Exact copies of all records below are needed.

── RECORD SET

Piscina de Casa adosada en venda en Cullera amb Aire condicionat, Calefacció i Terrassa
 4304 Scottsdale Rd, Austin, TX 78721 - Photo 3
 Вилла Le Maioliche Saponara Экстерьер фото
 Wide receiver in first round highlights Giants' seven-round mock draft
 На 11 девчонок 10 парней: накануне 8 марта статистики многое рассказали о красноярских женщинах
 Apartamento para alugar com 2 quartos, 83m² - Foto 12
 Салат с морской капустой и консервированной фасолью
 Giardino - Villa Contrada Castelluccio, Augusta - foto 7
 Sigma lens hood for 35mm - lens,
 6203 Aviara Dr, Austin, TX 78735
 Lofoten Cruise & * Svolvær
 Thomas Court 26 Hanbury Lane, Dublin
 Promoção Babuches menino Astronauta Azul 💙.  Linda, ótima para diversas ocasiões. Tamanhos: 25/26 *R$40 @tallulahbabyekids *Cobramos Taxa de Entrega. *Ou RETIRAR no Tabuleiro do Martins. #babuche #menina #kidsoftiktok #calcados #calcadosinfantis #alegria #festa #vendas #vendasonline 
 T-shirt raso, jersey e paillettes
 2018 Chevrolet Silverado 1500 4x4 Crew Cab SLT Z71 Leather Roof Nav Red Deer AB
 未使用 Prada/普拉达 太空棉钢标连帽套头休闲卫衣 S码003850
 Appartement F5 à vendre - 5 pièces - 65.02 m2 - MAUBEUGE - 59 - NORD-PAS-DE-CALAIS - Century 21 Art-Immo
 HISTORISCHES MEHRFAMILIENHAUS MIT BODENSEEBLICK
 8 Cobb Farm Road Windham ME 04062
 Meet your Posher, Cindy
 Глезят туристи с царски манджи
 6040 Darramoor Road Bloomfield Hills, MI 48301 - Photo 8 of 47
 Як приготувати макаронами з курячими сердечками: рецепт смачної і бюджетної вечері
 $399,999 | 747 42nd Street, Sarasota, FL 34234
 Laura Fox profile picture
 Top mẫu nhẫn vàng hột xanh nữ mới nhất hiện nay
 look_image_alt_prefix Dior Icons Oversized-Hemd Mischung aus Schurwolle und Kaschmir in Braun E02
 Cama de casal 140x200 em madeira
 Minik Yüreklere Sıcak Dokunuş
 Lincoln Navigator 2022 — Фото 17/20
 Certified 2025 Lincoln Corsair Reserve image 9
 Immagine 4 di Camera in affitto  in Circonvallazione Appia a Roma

────

- **TASK RESULT**:
Piscina de Casa adosada en venda en Cullera amb Aire condicionat, Calefacció i Terrassa
 4304 Scottsdale Rd, Austin, TX 78721 - Photo 3
 Вилла Le Maioliche Saponara Экстерьер фото
 Wide receiver in first round highlights Giants' seven-round mock draft
 На 11 девчонок 10 парней: накануне 8 марта статистики многое рассказали о красноярских женщинах
 Apartamento para alugar com 2 quartos, 83m² - Foto 12
 Салат с морской капустой и консервированной фасолью
 Giardino - Villa Contrada Castelluccio, Augusta - foto 7
 Sigma lens hood for 35mm - lens,
 6203 Aviara Dr, Austin, TX 78735
 Lofoten Cruise & * Svolvær
 Thomas Court 26 Hanbury Lane, Dublin
 Promoção Babuches menino Astronauta Azul 💙.  Linda, ótima para diversas ocasiões. Tamanhos: 25/26 *R$40 @tallulahbabyekids *Cobramos Taxa de Entrega. *Ou RETIRAR no Tabuleiro do Martins. #babuche #menina #kidsoftiktok #calcados #calcadosinfantis #alegria #festa #vendas #vendasonline 
 T-shirt raso, jersey e paillettes
 2018 Chevrolet Silverado 1500 4x4 Crew Cab SLT Z71 Leather Roof Nav Red Deer AB
 未使用 Prada/普拉达 太空棉钢标连帽套头休闲卫衣 S码003850
 Appartement F5 à vendre - 5 pièces - 65.02 m2 - MAUBEUGE - 59 - NORD-PAS-DE-CALAIS - Century 21 Art-Immo
 HISTORISCHES MEHRFAMILIENHAUS MIT BODENSEEBLICK
 8 Cobb Farm Road Windham ME 04062
 Meet your Posher, Cindy
 Глезят туристи с царски манджи
 6040 Darramoor Road Bloomfield Hills, MI 48301 - Photo 8 of 47
 Як приготувати макаронами з курячими сердечками: рецепт смачної і бюджетної вечері
 $399,999 | 747 42nd Street, Sarasota, FL 34234
 Laura Fox profile picture
 Top mẫu nhẫn vàng hột xanh nữ mới nhất hiện nay
 look_image_alt_prefix Dior Icons Oversized-Hemd Mischung aus Schurwolle und Kaschmir in Braun E02
 Cama de casal 140x200 em madeira
 Minik Yüreklere Sıcak Dokunuş
 Lincoln Navigator 2022 — Фото 17/20
 Certified 2025 Lincoln Corsair Reserve image 9
 Immagine 4 di Camera in affitto  in Circonvallazione Appia a Roma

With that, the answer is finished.